Culpepper blindsided by erroneous reporting

February 4, 2005 SUPE0204.DIARY

 

JACKSONVILLE, FLA. -- This is what happens when there is too much media and not enough stories.

 

One of the NFL's most genuine and kind players carried out a genuinely kind act Wednesday. And what did Vikings quarterback Daunte Culpepper get for his thoughtfulness?

 

National scorn, thanks to an Associated Press reporter who misinterpreted the scene and never bothered to follow up with the key players.

 

Here's what happened: While participating in a news conference Wednesday, Culpepper fielded an awkward question from a paralyzed 17-year-old boy. "Hey Daunte," said J.T. Townsend. "Can I get some ice?" -- a reference to the $100,000, diamond-encrusted necklace around Culpepper's neck.

 

With cameras rolling, Culpepper walked over to Townsend and thrilled him by hanging the necklace around his neck. Later, Culpepper sought out Townsend and put the chain back on. At Culpepper's request, Townsend's parents wrote down his address and contact information. Culpepper promised to send him gifts and memorabilia.

 

We were standing at Culpepper's side when the transaction took place.

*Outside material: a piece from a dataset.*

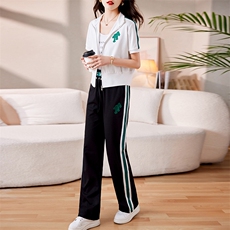 《两件套》套装女2025夏季新款洋气减龄时髦小个子时尚阔腿裤女，女装运动套装，天丽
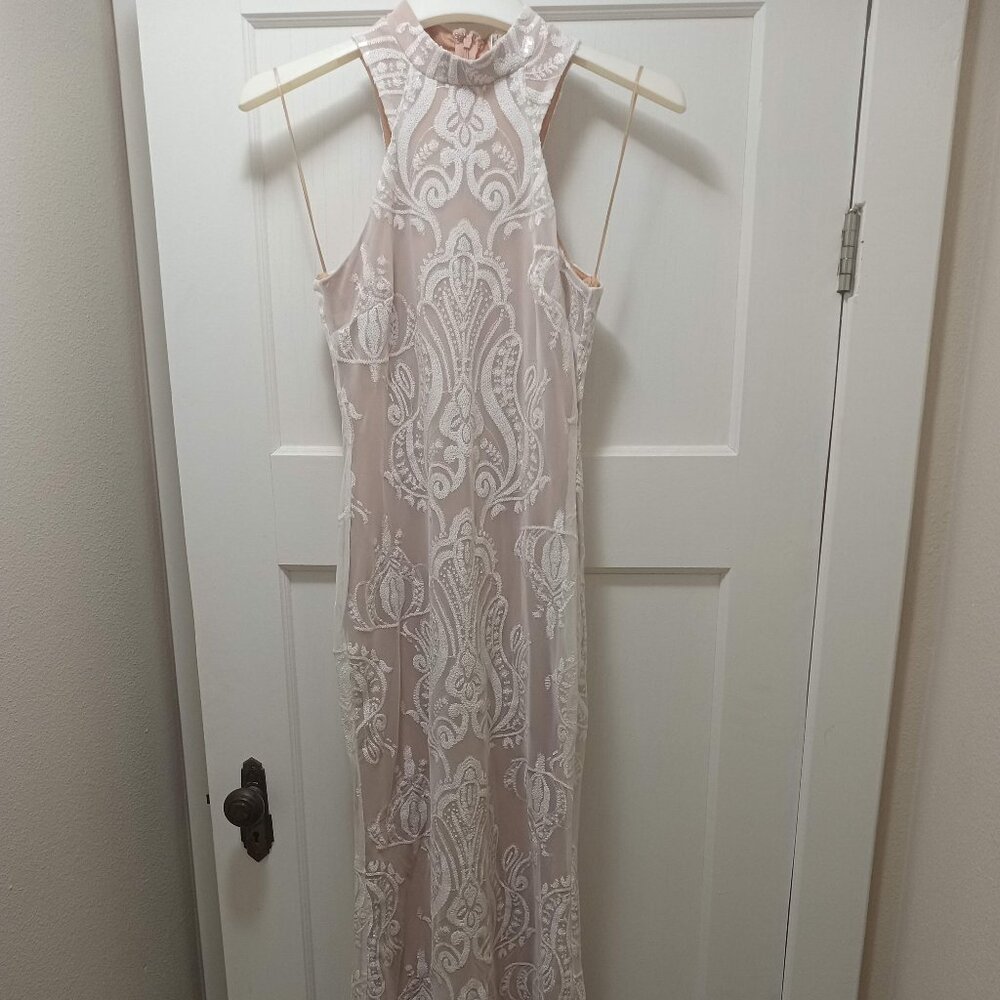 White and Nude Sparkly Long Prom Dress NWT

There was no animosity, no hurt feelings and no accusations of impropriety -- only thank-yous from Townsend, his parents and a doctor nearby.

 

The AP version of the story, however, in essence painted Culpepper as a spoiled athlete who "sheepishly" took away a gift from a paralyzed teenager once the cameras stopped shooting. Newspapers and Internet sites picked up the story nationally. One problem: Nothing could have been further from the truth.

 

Anyone who has met Culpepper knows he wears the necklace every day. He has for years. Garish as it might be -- its main ornament is a 6-inch hot pepper -- it carries sentimental and personal value. Since when is anyone -- athlete, actor, politician or average schmoe -- obligated to hand over personal possessions permanently when someone asks? Or should Culpepper have shot down the request and embarrassed Townsend on television?

 

If that's your story, then the next time someone asks you for your wedding ring or a sweater your grandmother knitted, you better cough it up. Or else find some real news to write about.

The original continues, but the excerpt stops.